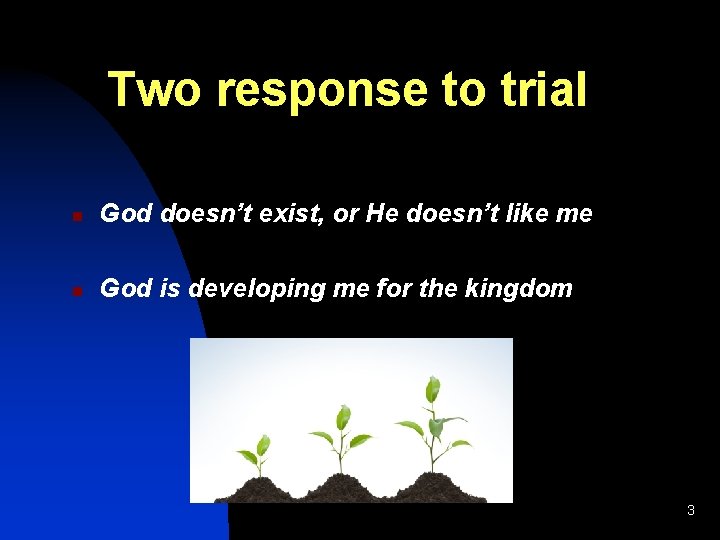 Two response to trial n God doesn’t exist, or He doesn’t like me n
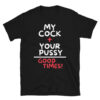 My Cock + Your Pussy = Good Times T-Shirt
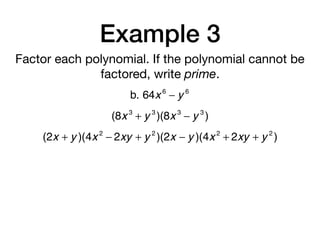 Example 3
Factor each polynomial. If the polynomial cannot be
factored, write prime.
b. 64x 6
− y 6
(8x 3
+ y 3
)(8x 3
− y 3
)
(2x + y )(4x 2
− 2xy + y 2
)(2x − y )(4x 2
+ 2xy + y 2
)
 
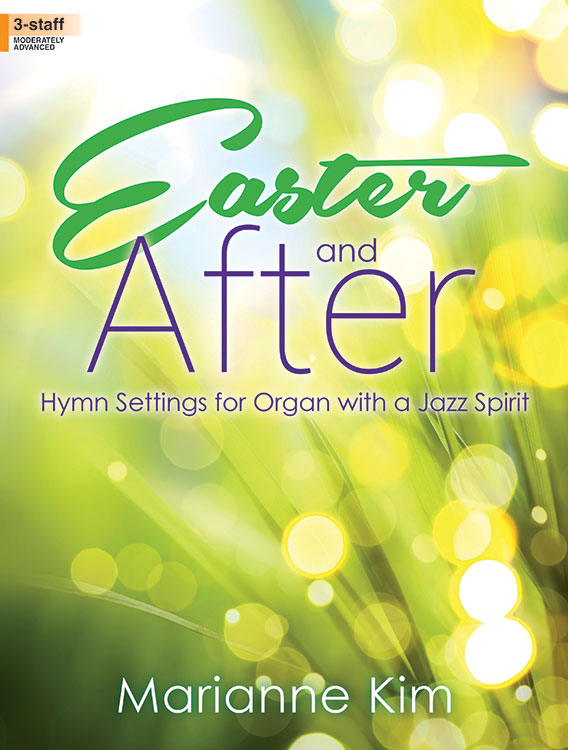 Easter and After - Organ Collection (3-staff)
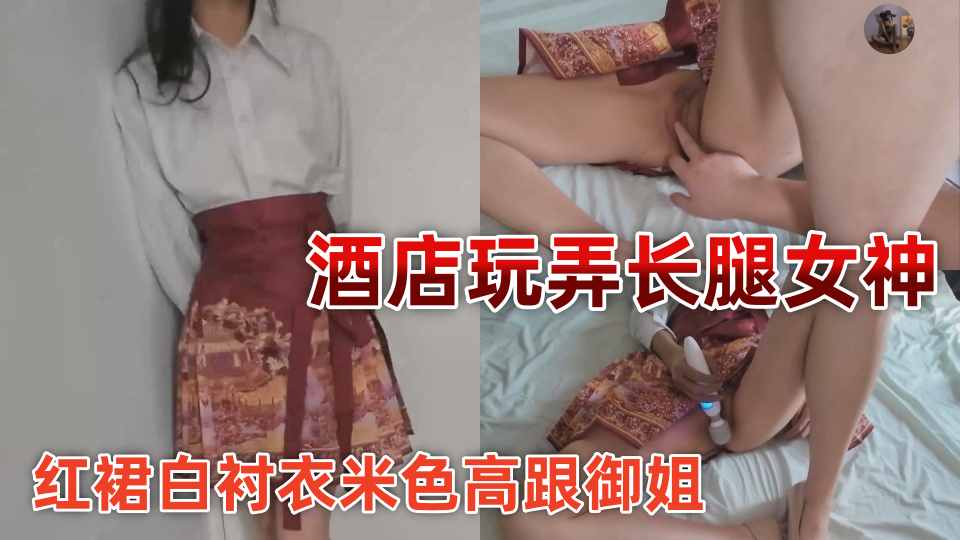 【D先生和C小姐】酒店玩弄长腿女神，红裙白衬衣米色高跟御姐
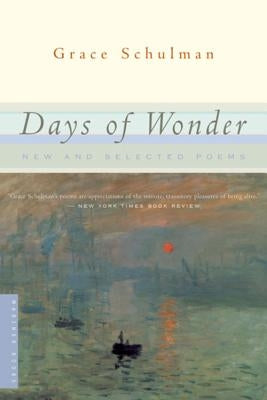 Days of Wonder: New and Selected Poems by Schulman, Grace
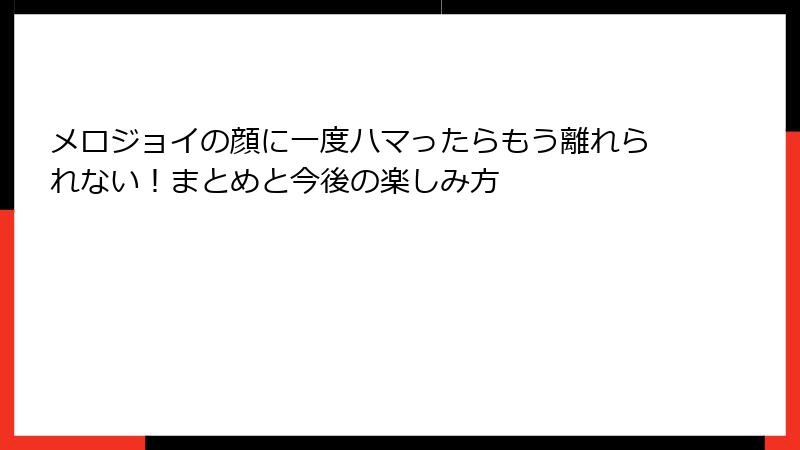 メロジョイの顔に一度ハマったらもう離れられない！まとめと今後の楽しみ方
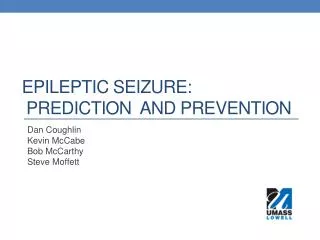 Epileptic Seizure: prediction and prevention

Task instructions. With the pictures omitted, copy exactly the lines from the line that contains "My Cock + Your Pussy = Good Times T-Shirt" through the end of the material.

Written reply.
 My Cock + Your Pussy = Good Times T-Shirt
 Example 3
Factor each polynomial. If the polynomial cannot be
factored, write prime.
b. 64x 6
− y 6
(8x 3
+ y 3
)(8x 3
− y 3
)
(2x + y )(4x 2
− 2xy + y 2
)(2x − y )(4x 2
+ 2xy + y 2
)
 
 Easter and After - Organ Collection (3-staff)
 【D先生和C小姐】酒店玩弄长腿女神，红裙白衬衣米色高跟御姐
 Days of Wonder: New and Selected Poems by Schulman, Grace
 メロジョイの顔に一度ハマったらもう離れられない！まとめと今後の楽しみ方
 Epileptic Seizure: prediction and prevention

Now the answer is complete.